===== Source data

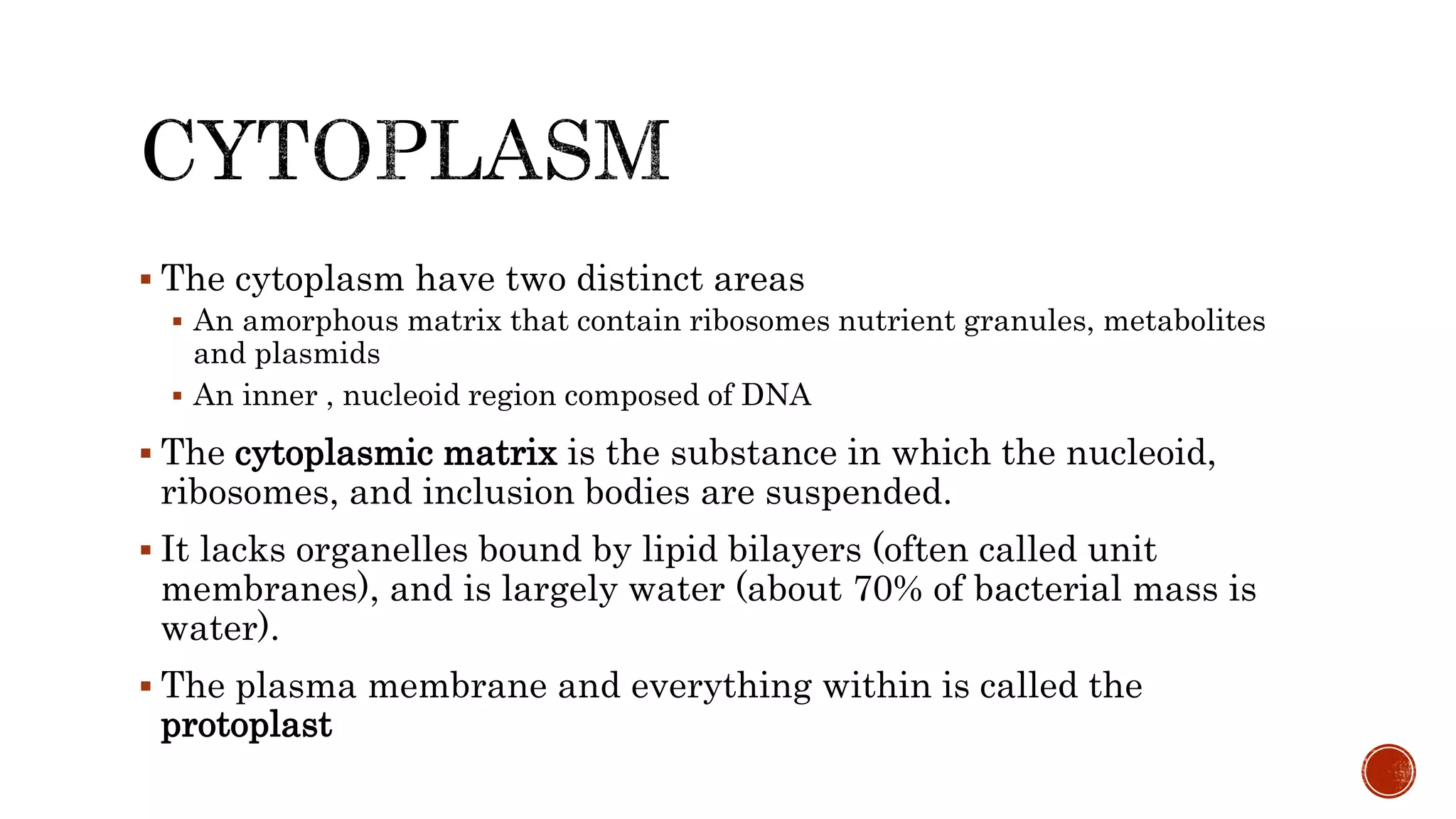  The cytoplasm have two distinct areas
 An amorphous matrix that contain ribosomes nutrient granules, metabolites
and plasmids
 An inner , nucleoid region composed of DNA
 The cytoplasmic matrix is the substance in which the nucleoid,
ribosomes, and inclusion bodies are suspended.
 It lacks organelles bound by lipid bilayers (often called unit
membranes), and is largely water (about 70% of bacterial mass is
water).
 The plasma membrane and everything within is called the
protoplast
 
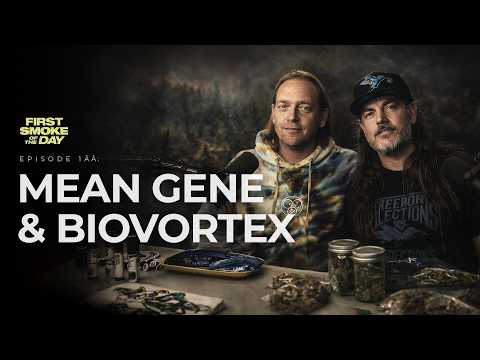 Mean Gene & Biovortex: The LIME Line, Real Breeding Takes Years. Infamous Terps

==========
===== Source data

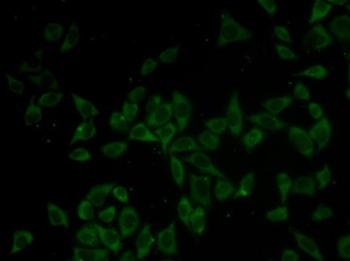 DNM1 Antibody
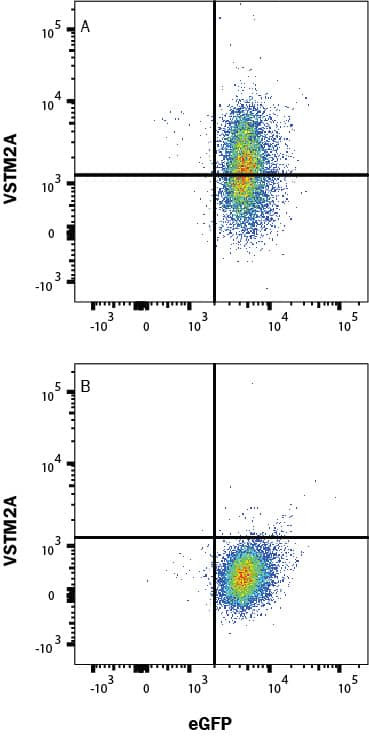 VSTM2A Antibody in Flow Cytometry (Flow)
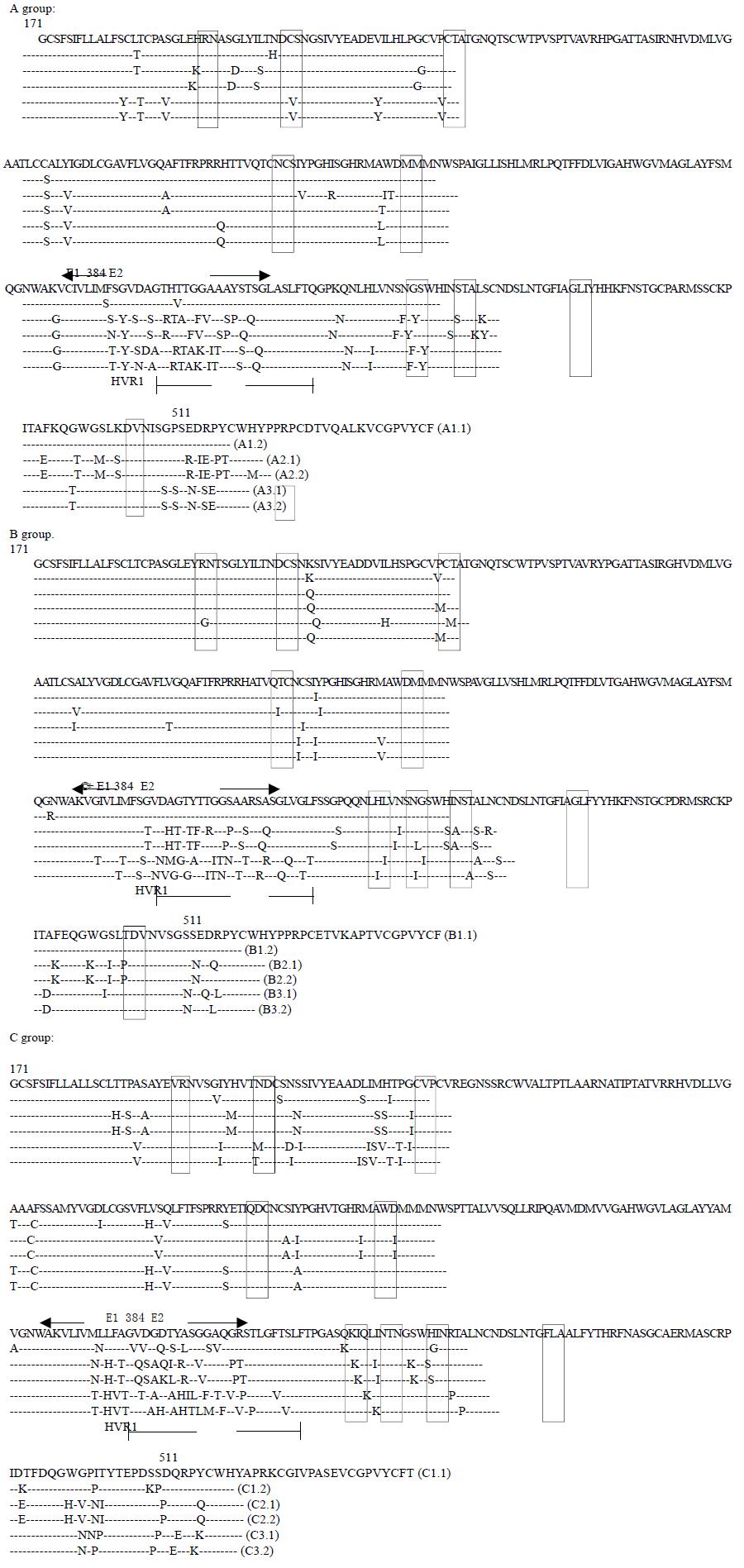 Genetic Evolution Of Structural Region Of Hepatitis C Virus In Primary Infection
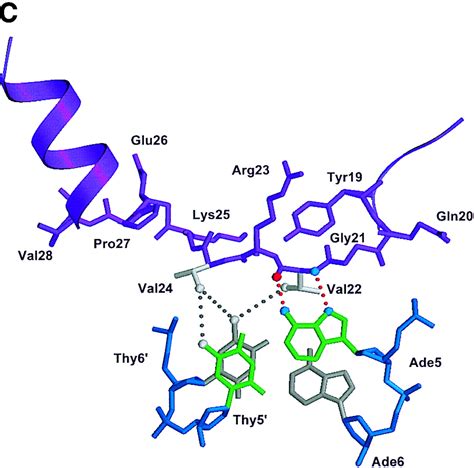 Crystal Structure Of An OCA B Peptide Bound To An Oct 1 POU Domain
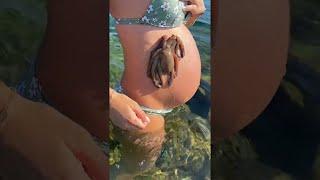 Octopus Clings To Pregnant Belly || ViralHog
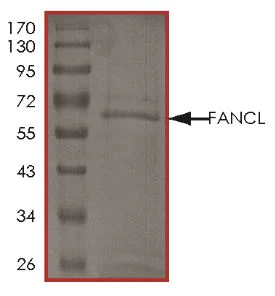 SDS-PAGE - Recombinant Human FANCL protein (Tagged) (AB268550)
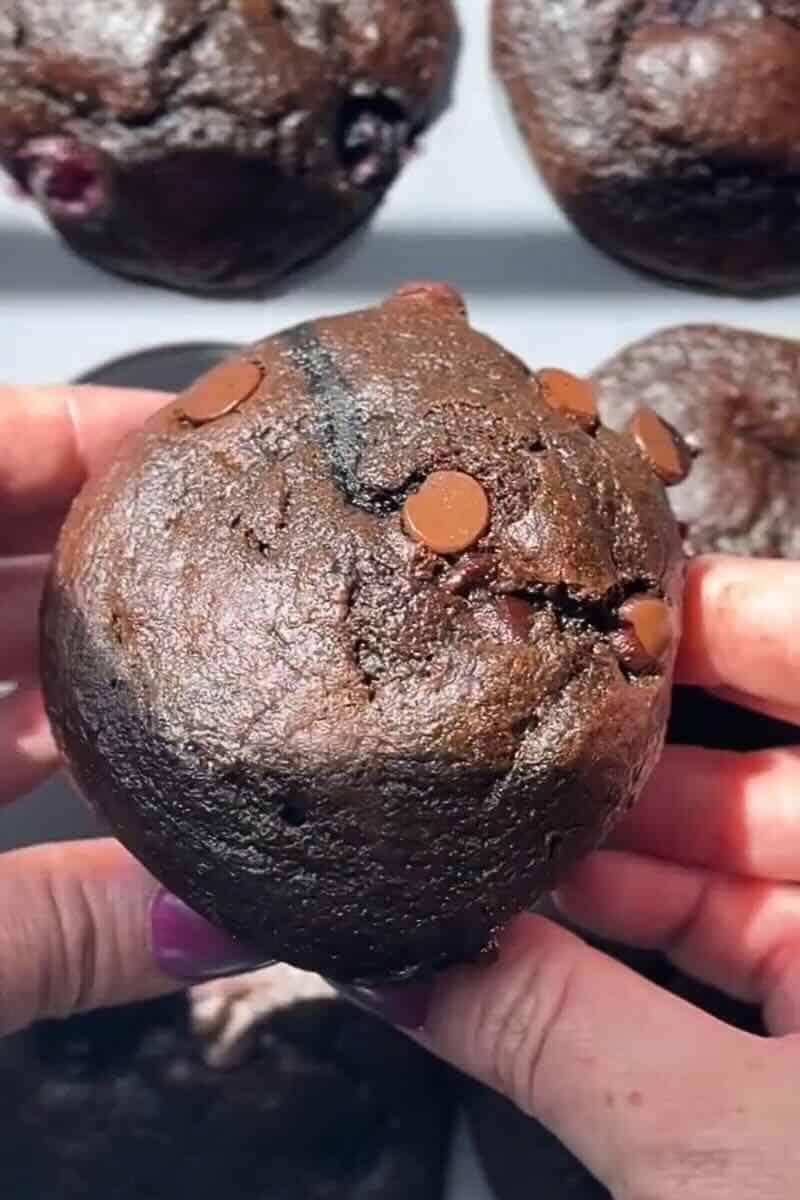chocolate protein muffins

==========
===== Source data

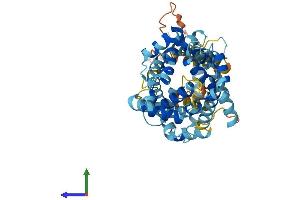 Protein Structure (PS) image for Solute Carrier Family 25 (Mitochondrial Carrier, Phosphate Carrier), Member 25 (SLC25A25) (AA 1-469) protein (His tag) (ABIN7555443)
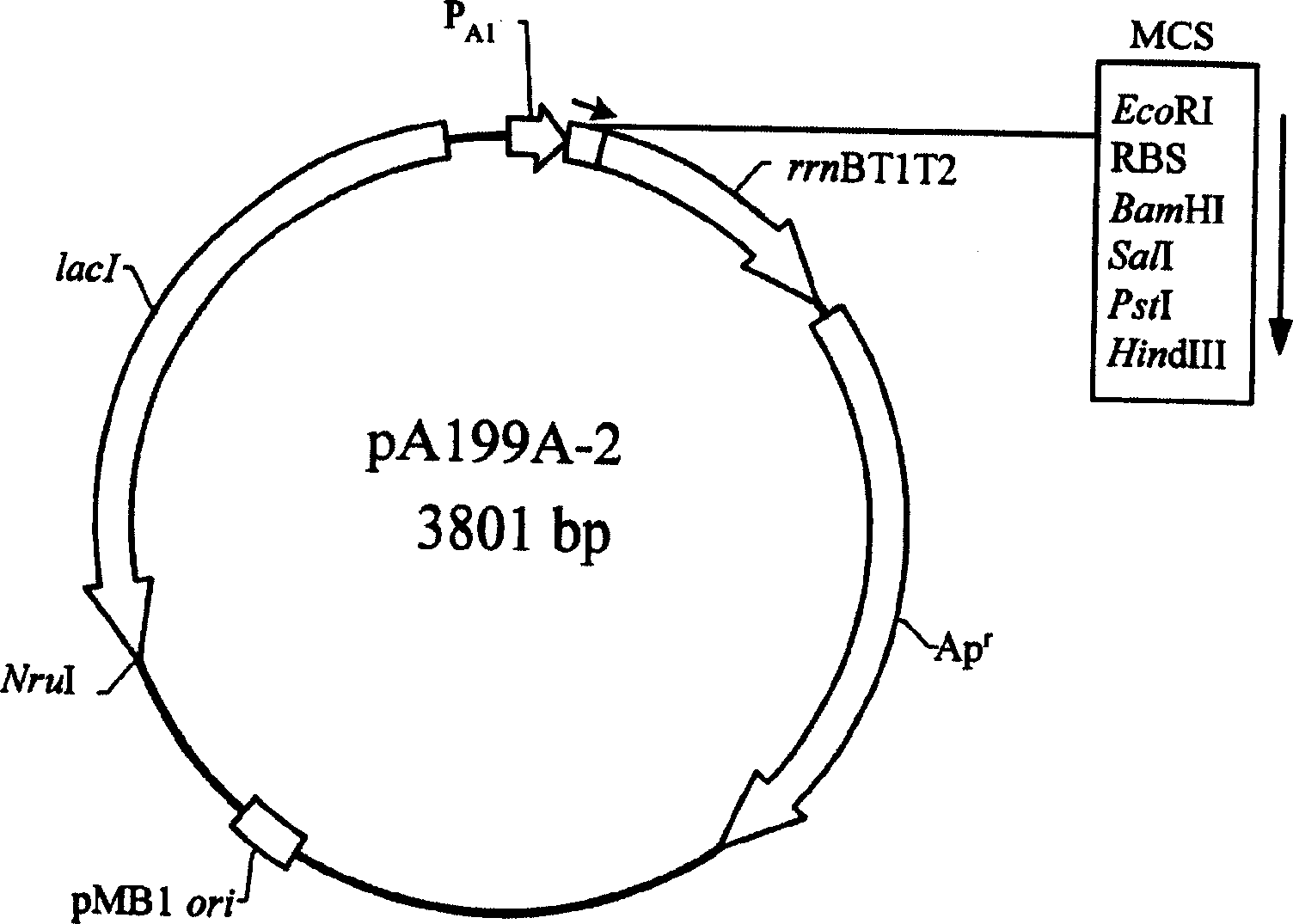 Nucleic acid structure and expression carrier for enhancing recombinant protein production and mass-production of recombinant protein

==========

• **What you are asked to do**: Lines with the word "nucleoid": copy each one from the data above.

• **Output of the exercise**:
 An inner , nucleoid region composed of DNA
 The cytoplasmic matrix is the substance in which the nucleoid,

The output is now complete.